The narrator has been staying with the Hales, Mr. Ned Hale and his wife, Mrs. Ruth Varnum Hale, who tells the narrator that she has known the Fromes and that they were all friends. However, the narrator senses that something about the Fromes troubles her. Harmon Gow tells the narrator that Mrs. Ned Hale had been the first person to see them smashed-up. The narrator gets his chance to meet Ethan Frome when his daily driver to the train station, Denis Eady, is unable to drive him. Harmon suggests that the narrator ask Ethan to drive him for work, as the Fromes could use the extra money. Harmon tells him that Ethan has had troubles in his family for a long time - sickness, death, and poverty.
Ethan drives the narrator to and from the train station every day, although Ethan hardly talks to him. To the narrator, Ethan "seemed a part of the mute melancholy landscape, an incarnation of its frozen woe, with all that was warm and sentient in him fast bound below the surface...[living] in a depth of moral isolation too remote for casual access" Introduction, pg. 14 - 15. The narrator agrees with what Harmon had remarked to him earlier: Ethan has been in Starkfield too long.
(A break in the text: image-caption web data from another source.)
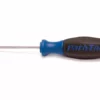 TOOLS Park Tool SD-0 Screwdriver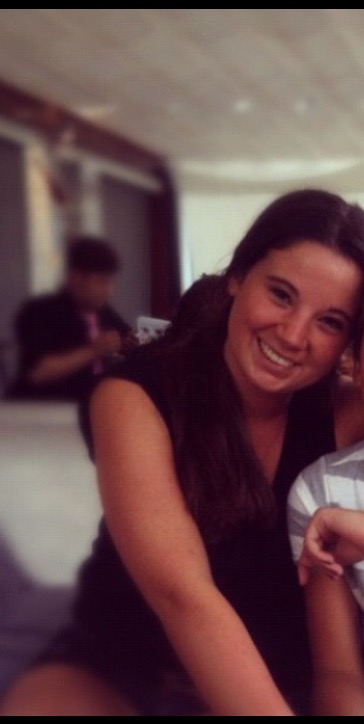 Esmee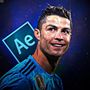 CRISTIANO EDITZ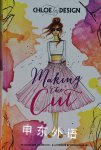 Chloe by Design: Making the Cut Margaret Gurevich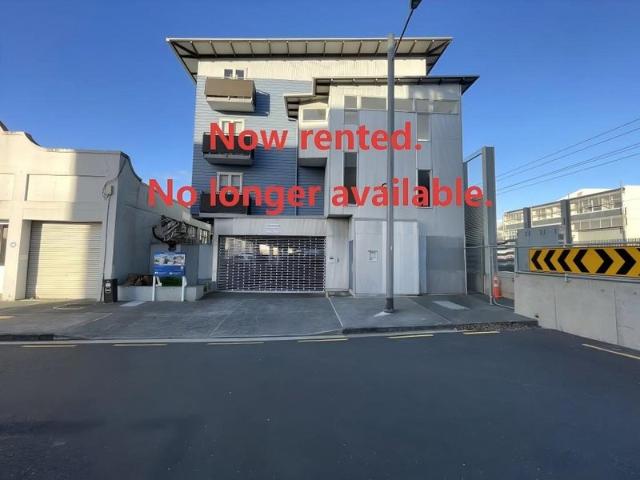 Apartment for rent in Auckland, Oroua County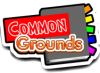 Common_grounds_logo.png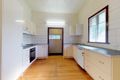 Property photo of 130 Murray Street The Range QLD 4700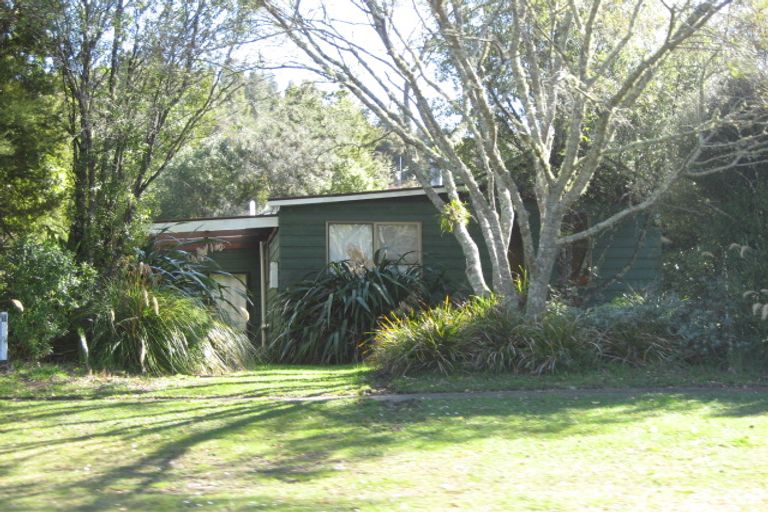 Photo of property in 5 Kaiuru Avenue, Pukawa Bay, Turangi, 3381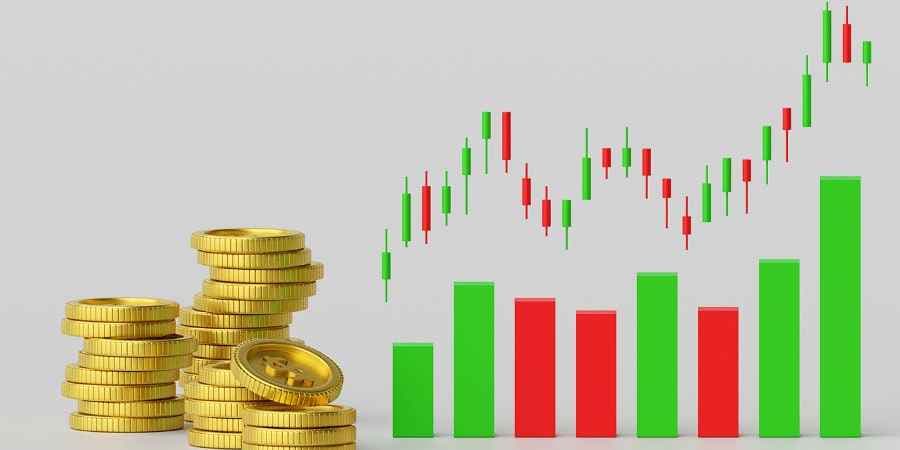 XAUUSD Hits All-Time Highs, but How Long Will the Rally Last?
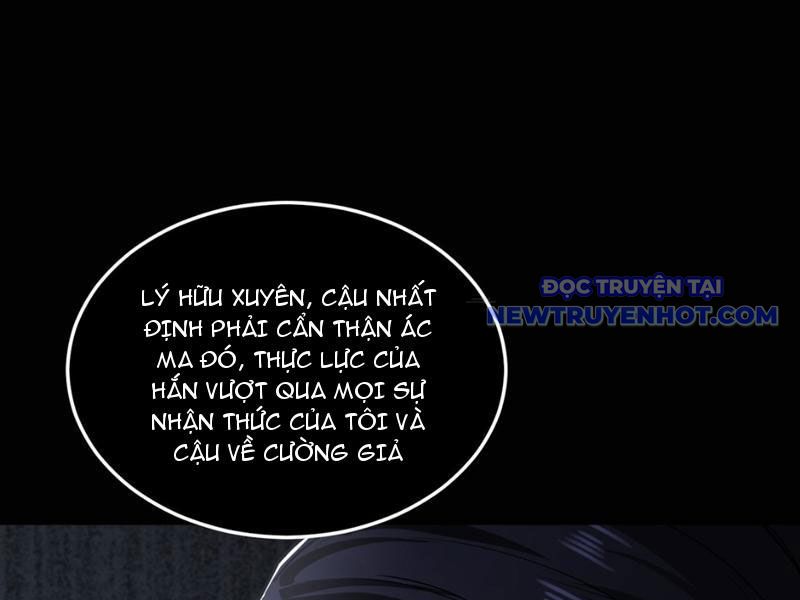 Ta, Thiên Sát Cô Tinh Chapter 46 - Trang 2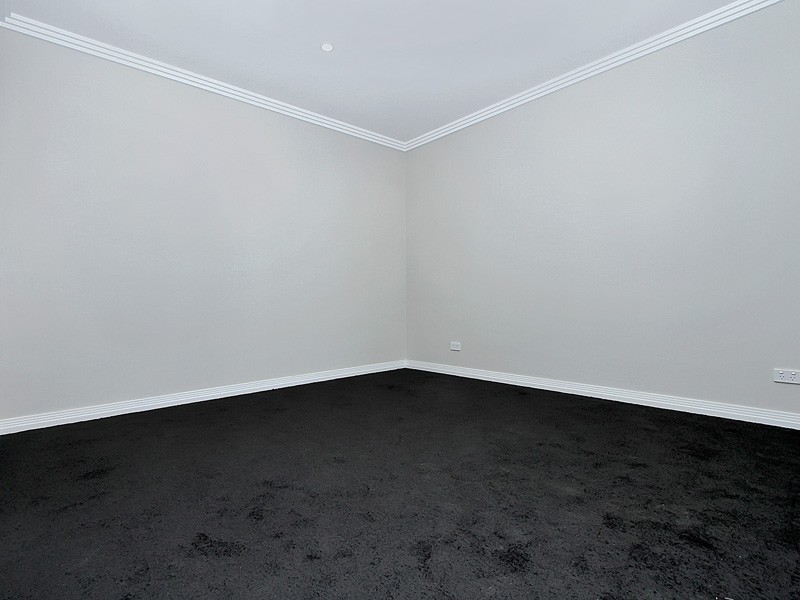 28A Hexham Street, Alkimos WA 6038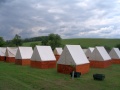 Modlitební festival, 2012
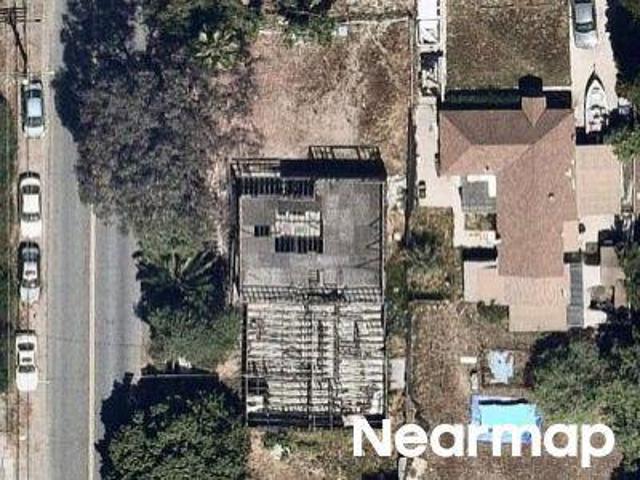 House for sale in Lemon Grove, California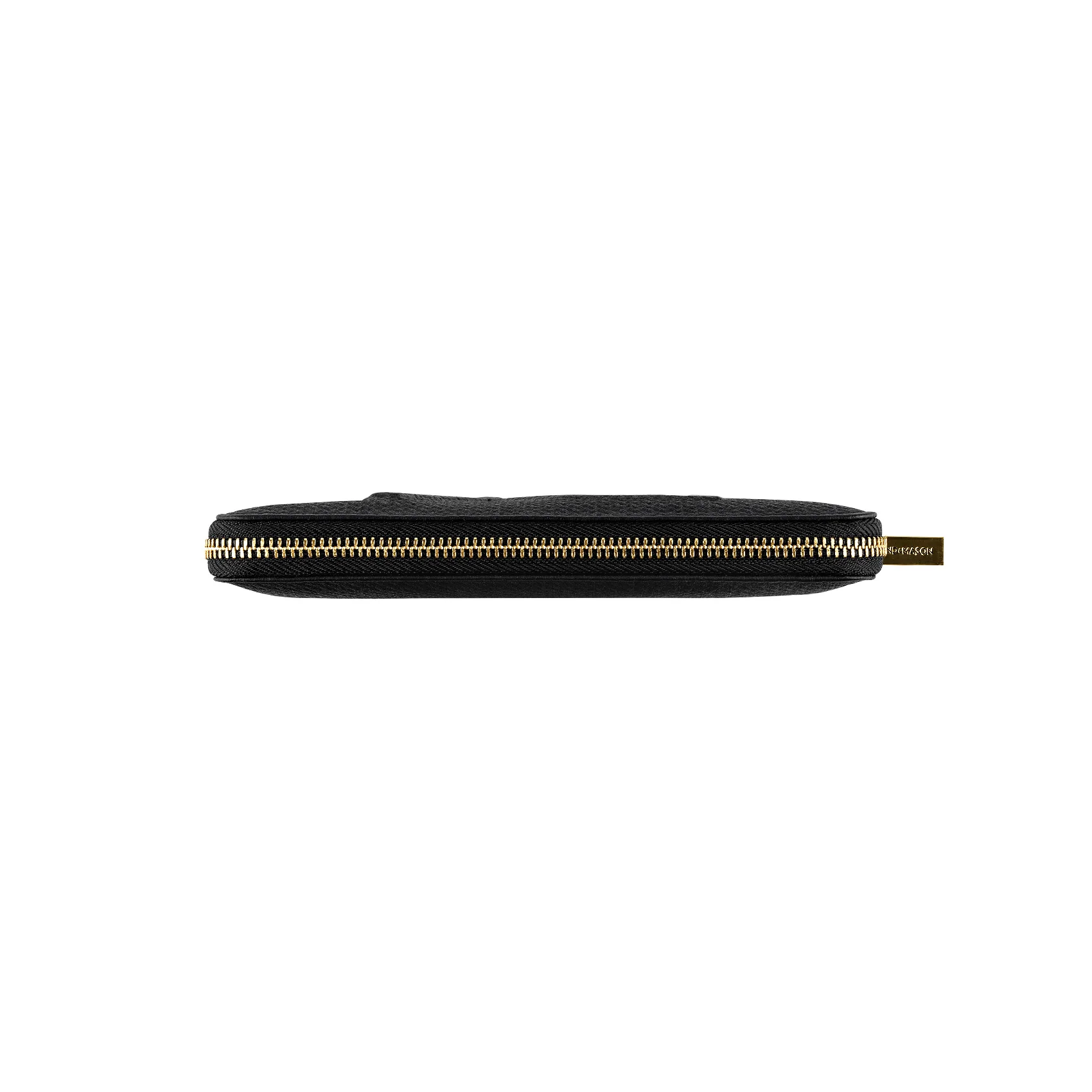 The Noah Wallet - Image 7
The narrator attempts many times to warm up to Ethan, but never truly succeeds. When the narrator sees that Ethan has found his science book, Ethan surprises him by saying that the book included things he had not known. Ethan confuses the narrator even more when he shortly replies that he used to enjoy reading about science.
One especially snowy day, Ethan is driving the narrator from the station when the winds and the snow cause them to turn back - Ethan invites the narrator to stay at his home. The landscape of the Frome farm, and the farmhouse itself, is a bleak, cold sight to the narrator. The narrator detects the sad, wistful tone in Ethan's words as he describes how much bigger and friendlier the house had been when his father was alive. To the narrator, the "diminished dwelling [is] the image of his own shrunken body." Introduction, pg. 21. As the narrator enters the Frome house, he hears a woman's voice moaning. That night, the narrator envisions the story of Ethan Frome.